By ABIA Outside Counsel, Chrys D. Lemon, McIntyre & Lemon, PLLC
New York’s top financial regulator, Benjamin Lawsky, is investigating a mortgage servicer for backdating thousands of letters to borrowers.
The Wall Street Journal reports: “In a toughly worded letter sent to [a mortgage servicer] on Tuesday, . . . [Mr.] Lawsky said that even after an employee at the firm discovered and reported instances of backdating, [the mortgage servicer] ignored them for months and still hasn’t corrected them, nearly a year after they were initially found. . . . ‘[The mortgage servicer's] indifference to such a serious matter demonstrates a troubling corporate culture that disregards the needs of struggling borrowers,’ Mr. Lawsky wrote.

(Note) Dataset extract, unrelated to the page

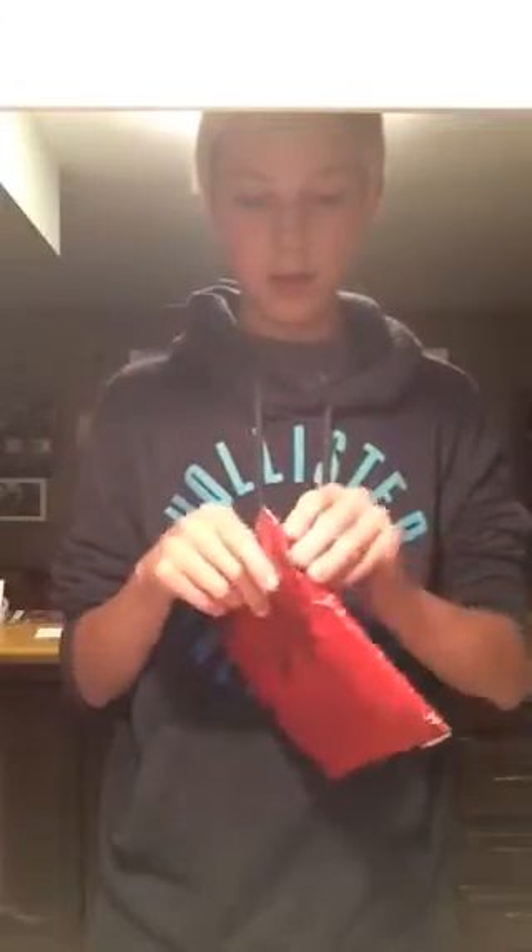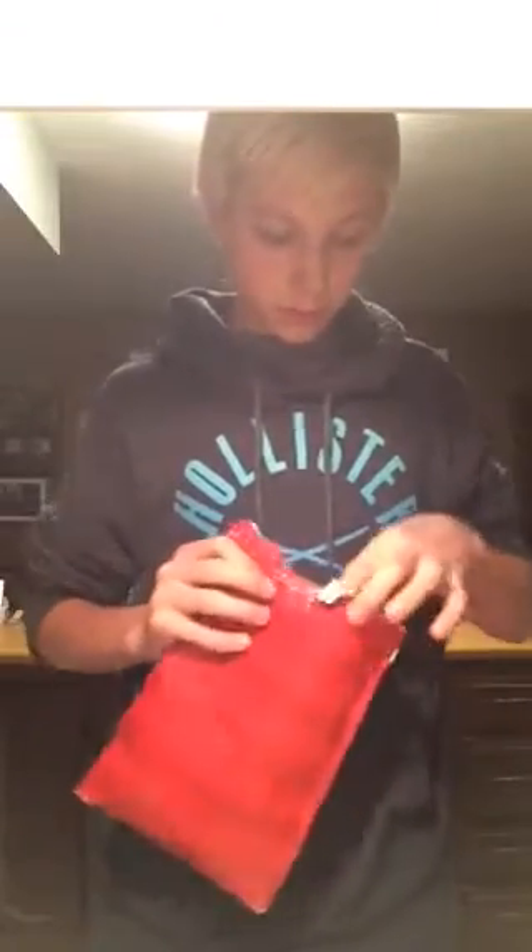Let me go ahead and cut this open. I'm going to cut that kind of up close. I don't know where the tutu is at. Cut that off. They sent it in another one of these, so I'm going to just go ahead and open it up here. And it's right here — this little tutu. And I think that's all that's in here.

“The . . . letters had been sent to borrowers who were behind on payments or in need of loan modifications providing easier terms, Mr. Lawsky said. Many went to borrowers who had been denied loan modifications, informing them they had 30 days to appeal the decision. But the deadline had passed by the time the backdated letters arrived.”
“[A] person close to the matter said the regulator was likely to demand a settlement or consent order that would require that [the mortgage servicer] find borrowers who had received backdated letters and give them an extended opportunity to correct loan delinquencies or other problems.”